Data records
= = = =
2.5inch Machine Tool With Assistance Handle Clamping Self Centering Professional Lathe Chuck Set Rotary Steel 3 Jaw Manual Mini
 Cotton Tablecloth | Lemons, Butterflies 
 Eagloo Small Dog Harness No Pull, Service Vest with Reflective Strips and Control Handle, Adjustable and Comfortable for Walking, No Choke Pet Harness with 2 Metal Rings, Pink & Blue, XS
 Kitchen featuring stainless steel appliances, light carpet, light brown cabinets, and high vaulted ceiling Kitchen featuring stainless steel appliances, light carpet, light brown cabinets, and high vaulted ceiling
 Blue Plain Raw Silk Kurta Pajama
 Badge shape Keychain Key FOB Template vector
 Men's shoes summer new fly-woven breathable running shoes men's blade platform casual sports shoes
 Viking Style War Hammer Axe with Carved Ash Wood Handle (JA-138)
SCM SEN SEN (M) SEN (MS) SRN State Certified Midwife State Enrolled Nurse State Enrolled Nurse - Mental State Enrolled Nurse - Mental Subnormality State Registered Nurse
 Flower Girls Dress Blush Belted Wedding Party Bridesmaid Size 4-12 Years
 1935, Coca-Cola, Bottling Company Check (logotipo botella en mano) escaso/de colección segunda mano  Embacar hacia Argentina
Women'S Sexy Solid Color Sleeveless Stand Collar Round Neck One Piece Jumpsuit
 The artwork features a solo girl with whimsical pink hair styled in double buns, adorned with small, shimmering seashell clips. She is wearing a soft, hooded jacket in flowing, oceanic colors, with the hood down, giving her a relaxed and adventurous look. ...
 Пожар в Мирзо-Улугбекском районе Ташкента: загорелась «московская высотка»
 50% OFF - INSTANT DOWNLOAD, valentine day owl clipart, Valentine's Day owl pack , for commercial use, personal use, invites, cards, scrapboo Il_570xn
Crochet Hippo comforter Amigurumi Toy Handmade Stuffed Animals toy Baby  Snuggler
= = = =
[EXERCISE GOAL] Retype all of the records above, keeping them identical.

[ANSWER TO THIS PROBLEM]
2.5inch Machine Tool With Assistance Handle Clamping Self Centering Professional Lathe Chuck Set Rotary Steel 3 Jaw Manual Mini
 Cotton Tablecloth | Lemons, Butterflies 
 Eagloo Small Dog Harness No Pull, Service Vest with Reflective Strips and Control Handle, Adjustable and Comfortable for Walking, No Choke Pet Harness with 2 Metal Rings, Pink & Blue, XS
 Kitchen featuring stainless steel appliances, light carpet, light brown cabinets, and high vaulted ceiling Kitchen featuring stainless steel appliances, light carpet, light brown cabinets, and high vaulted ceiling
 Blue Plain Raw Silk Kurta Pajama
 Badge shape Keychain Key FOB Template vector
 Men's shoes summer new fly-woven breathable running shoes men's blade platform casual sports shoes
 Viking Style War Hammer Axe with Carved Ash Wood Handle (JA-138)
SCM SEN SEN (M) SEN (MS) SRN State Certified Midwife State Enrolled Nurse State Enrolled Nurse - Mental State Enrolled Nurse - Mental Subnormality State Registered Nurse
 Flower Girls Dress Blush Belted Wedding Party Bridesmaid Size 4-12 Years
 1935, Coca-Cola, Bottling Company Check (logotipo botella en mano) escaso/de colección segunda mano  Embacar hacia Argentina
Women'S Sexy Solid Color Sleeveless Stand Collar Round Neck One Piece Jumpsuit
 The artwork features a solo girl with whimsical pink hair styled in double buns, adorned with small, shimmering seashell clips. She is wearing a soft, hooded jacket in flowing, oceanic colors, with the hood down, giving her a relaxed and adventurous look. ...
 Пожар в Мирзо-Улугбекском районе Ташкента: загорелась «московская высотка»
 50% OFF - INSTANT DOWNLOAD, valentine day owl clipart, Valentine's Day owl pack , for commercial use, personal use, invites, cards, scrapboo Il_570xn
Crochet Hippo comforter Amigurumi Toy Handmade Stuffed Animals toy Baby  Snuggler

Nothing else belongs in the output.